Okay,
this is too funny not to mention. I offered to send some signed
books to Kurt Busiek—the writer who put Jennifer Government
in Clark Kent’s hands in Action Comics #838—and he kindly
sent me some of his stuff in return.
Included in the stack of goodies that arrived on
my doorstop was a signed copy of that issue—with
this modified cover.
Okay,
let me just get my breath. All right. The other day—no,
wait, I need another minute.
Okay. Okay. I’m just going to say it: in the latest issue of
Action Comics,
Clark Kent is reading Jennifer
Government.
Action Comics is the series that introduced Superman in 1938.
And now he’s reading my book.
This is possibly the greatest moment of my life.

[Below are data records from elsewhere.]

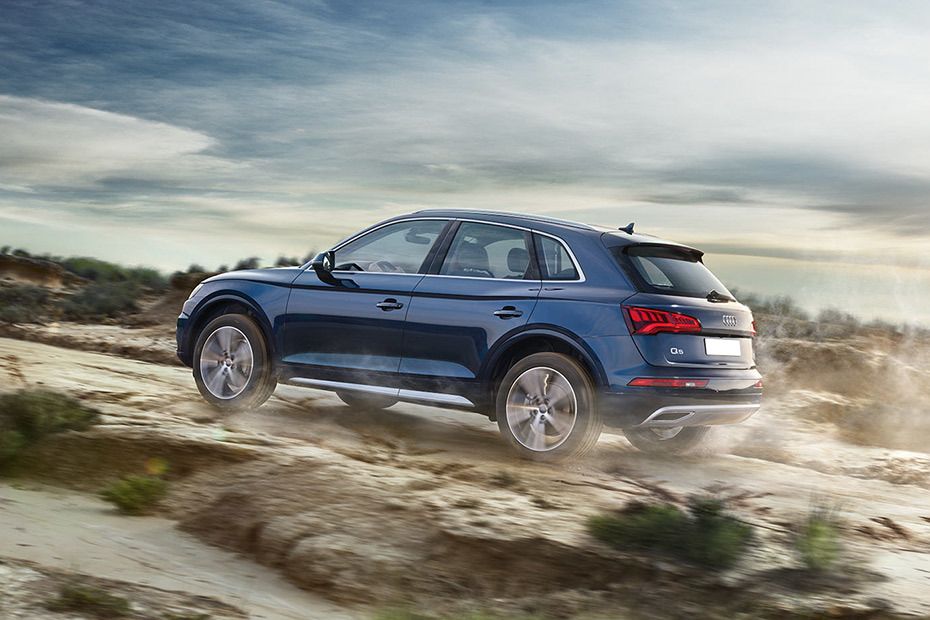 Rear Cross Side View of Audi Q5 Rear Cross Side View of Audi Q5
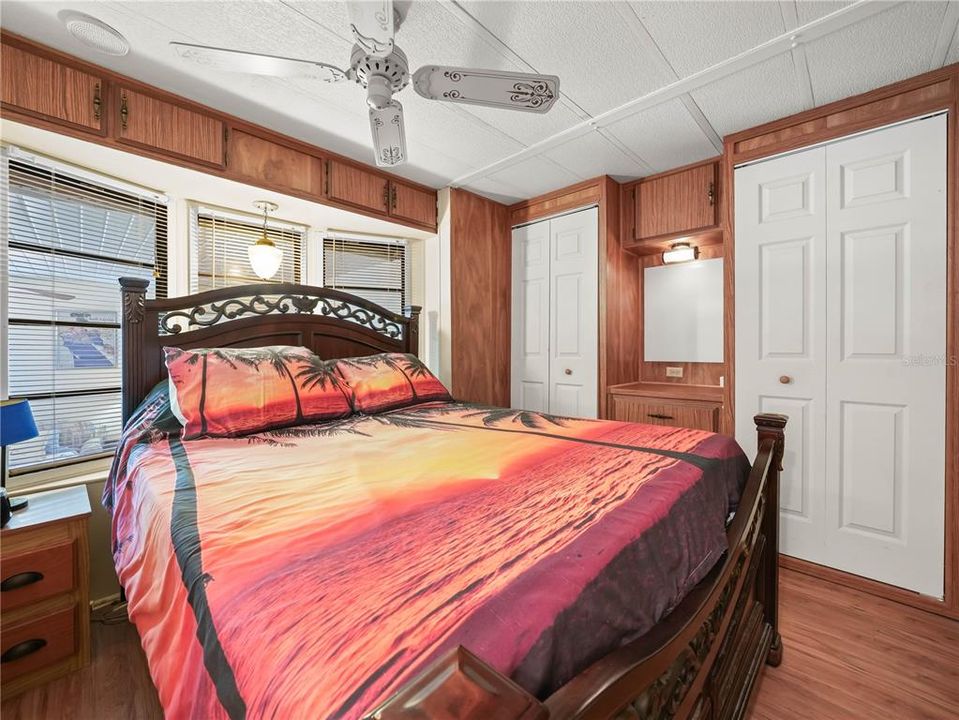 For Sale: $140,000 (2 beds, 1 baths, 970 Square Feet)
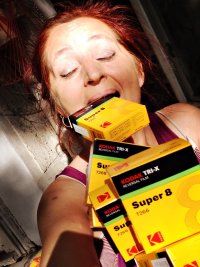 Foto von Dagie Brundert mit Super-8-Filmpackungen im Mund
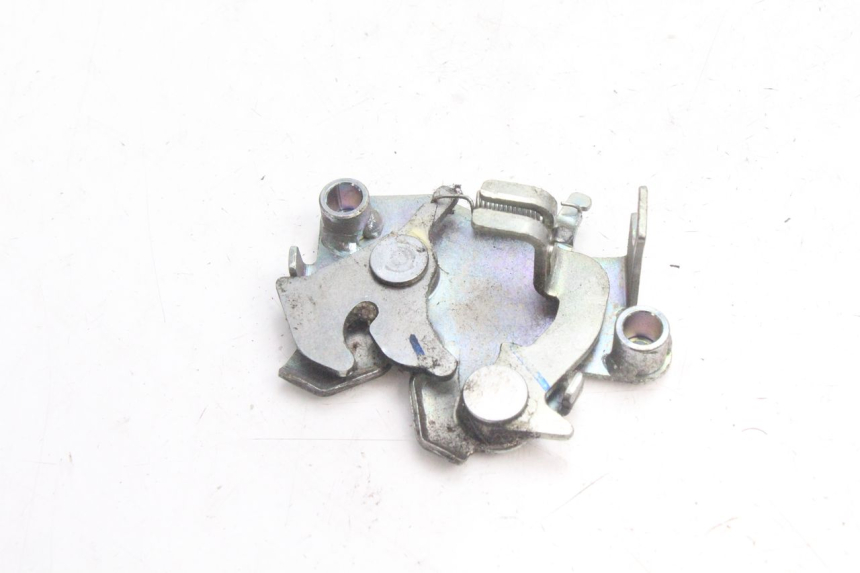photo de SERRURE DE SELLE HONDA PCX (JF28) 125 (2009 - 2011) - Détail de la pièce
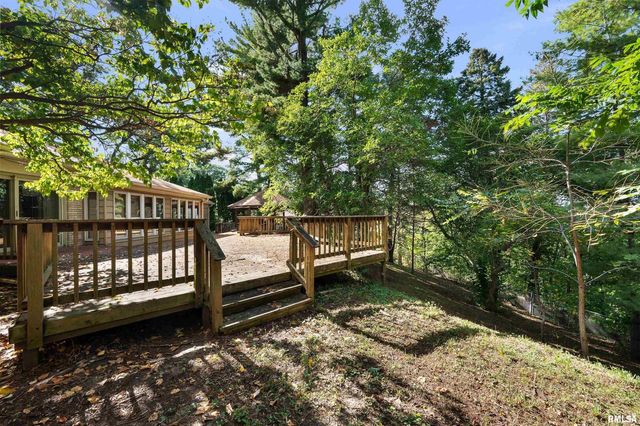 660 18TH Avenue, East Moline, IL 61244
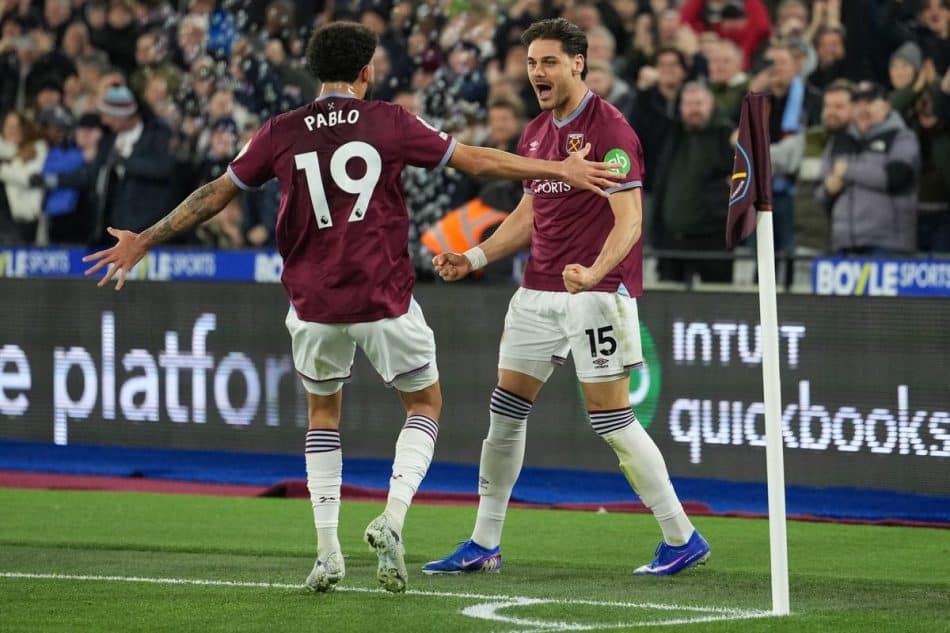 Μηνύματα αγάπης προς τον Μαυροπάνο από οπαδούς της Άρσεναλ, μετά το γκολ του με την Γουέστ Χαμ κόντρα στην Μάντσεστερ Σίτι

Just before I left Australia, I noticed I had a couple of emails with odd
subject lines, like “Superman reads Jennifer Government.” But I had a
plane to catch and didn’t get around to reading these for a couple of
weeks. Then I was sure that it couldn’t be true, that maybe Clark
was reading a book that just looked a bit like one of mine if
you turned the page upside down and squinted, because… well,
it just couldn’t be. But if that was happening, a lot of people seemed
to be doing it.
So I emailed DC Comics, pausing only briefly to wipe the drool from my
keyboard, and soon had not only confirmation that this extraordinary
event had actually come to pass, but a fascinating (and flattering)
explanation as to how:
I’m glad you enjoyed the bit — I’m Kurt Busiek, co-writer of that
issue, and the guy who violated copyright on your book cover for my own
nefarious purposes. The idea, mostly, was that in the past, whenever
Clark mentions reading anything, he almost invariably mentions Dickens
or Austen or some other long-dead writer that the audience knows from
being forced to read them in high school lit class. Since Clark’s
supposed to be in his early thirties, I want him to come across like a
reasonably young guy, not like your college professor’s dad (and I say
that as a big Jane Austen fan; it ain’t the quality, it’s the image).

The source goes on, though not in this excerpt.